As a self-employed minibus driver, Yaman does not have health insurance. He will never work in his profession again. He takes antidepressants, suffers from insomnia and, when he does find sleep, has incessant nightmares.

"People have been very supportive," Nihal Yaman says. "We have received a lot of help, but we don't know how things will be next year. We are very worried." So far, the family has paid about 50,000 TL (ยฃ15,000) for medical care alone. She said it had been hard on the whole family, especially their daughters, aged seven and 13.

"Our younger daughter used to be very good in school. She never put down her pen or her books, but after this happened, she could not concentrate any more. She cried all the time."

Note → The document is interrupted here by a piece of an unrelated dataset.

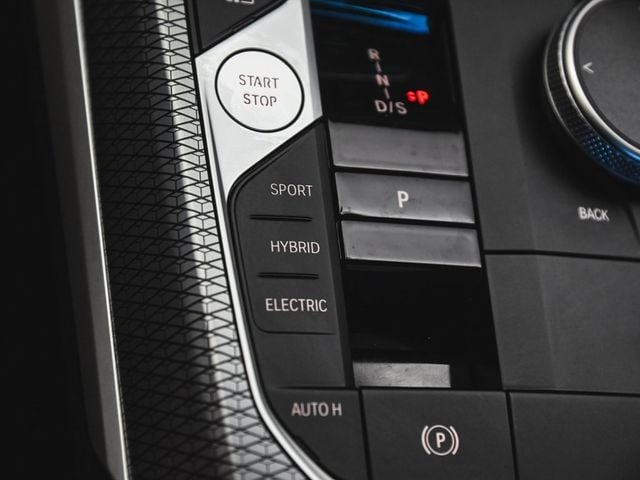 2023 BMW 3 Series 330e xDrive - 22951589 - 27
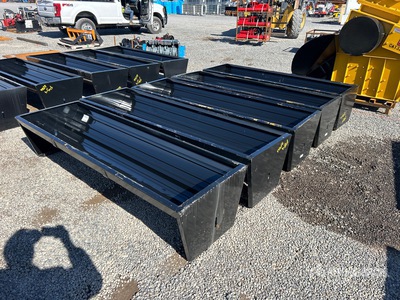 Quantity of (5) 2025 Kit Containers CF-90-V2025 Mélangeur d'aliments pour animaux (Unused)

Yaman now hopes for justice. "We will do everything we can until they find these [men]. It's not a trivial thing to play with another person's life like that. Nobody will be able to bring back the eye I lost, but I hope they are brought to justice and punished for what they did."

He has filed a complaint on grounds of attempted murder. "They didn't just slap me around a bit. They tortured me. They tried to kill me. And all of those who did that are still working. Every time I walk past a policeman I wonder: was it maybe him?"

A local resident filmed part of the attack on a mobile phone camera. The footage shows several riot police officers close to a water cannon dragging a man towards a fire. "How can they not find these officers?" Yaman asks. "They have deployment lists, the date, the time, and the location. They have the registration number of the water cannon. What else do they need?"

Istanbul prosecutors announced an official investigation into police violence during the protests, but so far without tangible results. While hundreds of protesters have since been indicted for various offences such as violating public demonstrations law or insulting the police, examination of police violence during the Gezi protests has been slow and inconclusive, according to Andrew Gardner, Turkey researcher for Amnesty International. "Six months on, with no progress in the majority of investigations into abuses highlighted in the Amnesty International report, it is looking more and more likely that the vast majority of police abuses will go unpunished," he says.

Yaman says that he has not given up hope his attackers will be found. But his trust in his country has been shattered: "It is impossible for me to trust this state. It has been six months since this happened to me. How can I trust the people who tried to kill me and who ruined my life? But I am not afraid any more. I have lived through this, what comes afterwards is not important."